Catheter-related bloodstream infections in a nephrology unit: Analysis of patient- and catheter-associated risk factors

Francesca Zanoni, Laura Pavone, Valentina Binda, Giovanni Tripepi, Graziella D'Arrigo, Antonio Scalamogna, Piergiorgio Messa
Journal of Vascular Access 2020 July 10, : 1129729820939762

BACKGROUND: Central venous catheter use is rising in chronic and acute hemodialysis. Catheter-related bloodstream infections are a major complication of central venous catheter use. This article examines clinical factors associated with catheter-related bloodstream infections incidence.

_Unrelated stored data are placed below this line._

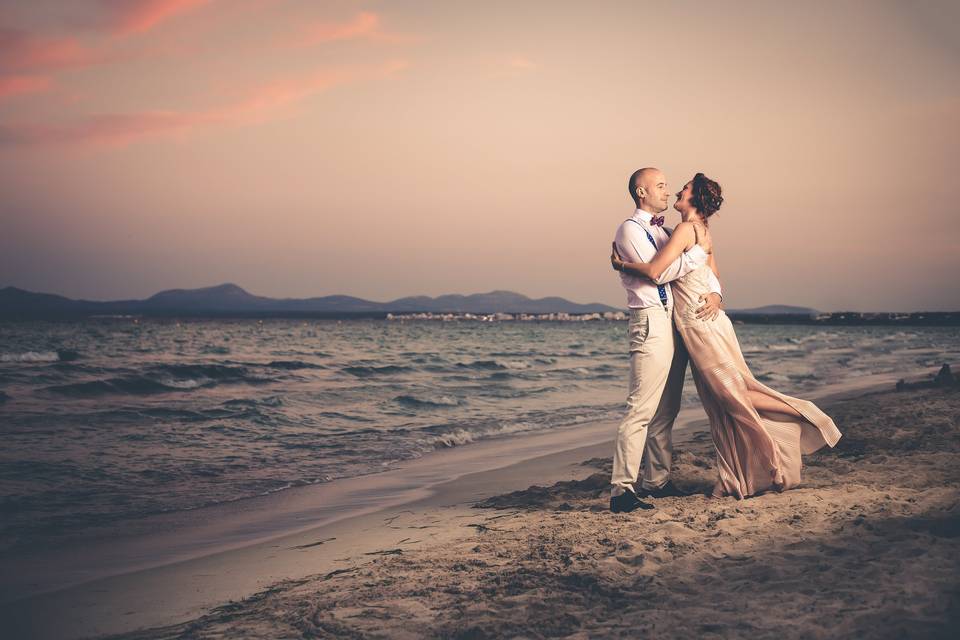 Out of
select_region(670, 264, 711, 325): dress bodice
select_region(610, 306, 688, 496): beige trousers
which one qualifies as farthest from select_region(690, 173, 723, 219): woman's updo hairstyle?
select_region(610, 306, 688, 496): beige trousers

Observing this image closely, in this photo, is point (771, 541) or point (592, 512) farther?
point (592, 512)

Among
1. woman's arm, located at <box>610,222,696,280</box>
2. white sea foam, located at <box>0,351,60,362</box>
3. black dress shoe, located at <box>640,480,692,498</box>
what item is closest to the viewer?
woman's arm, located at <box>610,222,696,280</box>

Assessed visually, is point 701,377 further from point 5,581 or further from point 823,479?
point 5,581

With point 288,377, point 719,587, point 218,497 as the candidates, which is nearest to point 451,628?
point 719,587

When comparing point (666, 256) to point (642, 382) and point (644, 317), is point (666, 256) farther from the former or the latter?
point (642, 382)

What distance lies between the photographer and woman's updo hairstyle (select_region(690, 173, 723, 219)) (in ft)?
16.2

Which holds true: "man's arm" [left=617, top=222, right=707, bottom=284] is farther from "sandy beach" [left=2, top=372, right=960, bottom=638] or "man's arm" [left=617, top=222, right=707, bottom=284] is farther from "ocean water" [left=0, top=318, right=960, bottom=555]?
"ocean water" [left=0, top=318, right=960, bottom=555]

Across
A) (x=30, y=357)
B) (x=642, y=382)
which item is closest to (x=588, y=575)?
(x=642, y=382)

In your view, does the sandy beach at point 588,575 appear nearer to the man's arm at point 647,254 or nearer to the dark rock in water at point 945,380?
the man's arm at point 647,254

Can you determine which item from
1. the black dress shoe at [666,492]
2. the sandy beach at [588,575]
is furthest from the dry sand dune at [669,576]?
the black dress shoe at [666,492]

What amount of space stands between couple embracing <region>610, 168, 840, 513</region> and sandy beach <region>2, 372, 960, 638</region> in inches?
10.4

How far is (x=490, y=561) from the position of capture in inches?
156

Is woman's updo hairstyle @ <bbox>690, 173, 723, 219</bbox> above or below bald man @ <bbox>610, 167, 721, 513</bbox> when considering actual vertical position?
above

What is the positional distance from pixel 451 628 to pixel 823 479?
11.6 ft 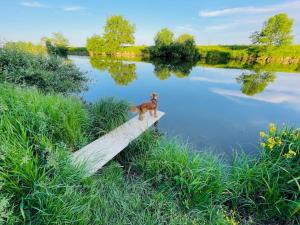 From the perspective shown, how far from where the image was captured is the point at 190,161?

METHODS: In this retrospective, single-center study, 413 patients undergoing extracorporeal treatments between 1 February 2014 and 31 January 2017 with 560 central venous catheters were recruited. Clinical parameters, such as gender, age, kidney disease status, diabetes, immunosuppression, and vintage dialysis, were collected at study entry. An incidence rate ratio (95% confidence interval) was calculated to assess the association between catheter-related bloodstream infections incidence rate and each clinical variable/central venous catheter type. Significant associations at the univariate analyses were investigated with multivariate Cox models.

RESULTS: During a cumulative time of 66,686 catheter-days, 54 catheter-related bloodstream infections (incidence rate: 0.81) events occurred. Gram negative bacteria were more frequent in patients with age < 80 years (16 (36%) vs. 0, p = 0.02). At the univariate analyses, male sex (incidence rate ratio: 1.9 (1.1-3.5), p = 0.03), age < 80 years (incidence rate ratio: 2.4 (1.1-5.5), p = 0.016) and acute kidney injury (incidence rate ratio: 5.6 (3.1-10), p < 0.0001) were associated with higher catheter-related bloodstream infections incidence rate. Compared with tunneled jugular central venous catheter, higher catheter-related bloodstream infections incidence rate was associated with non-tunneled jugular (incidence rate ratio: 6.45 (2.99-13.56), p < 0.0001) and non-tunneled femoral (incidence rate ratio: 12.90 (5.87-27.61), p < 0.0001) central venous catheter use; tunneled femoral central venous catheter was associated with higher non-significant incidence rate (incidence rate ratio: 2.45 (0.93-5.85), p = 0.07). The multivariate analyses showed that acute kidney injury (hazard ratio: 3.03 (1.38-6.67), p = 0.006), non-tunneled (hazard ratio: 3.11 (1.30-7.41), p = 0.01) and femoral (hazard ratio: 2.63 (1.36-5.07), p = 0.004) central venous catheter were associated with higher catheter-related bloodstream infections incidence rate.

CONCLUSION: Central venous catheter characteristics and acute kidney injury are independently associated with higher catheter-related bloodstream infections rate.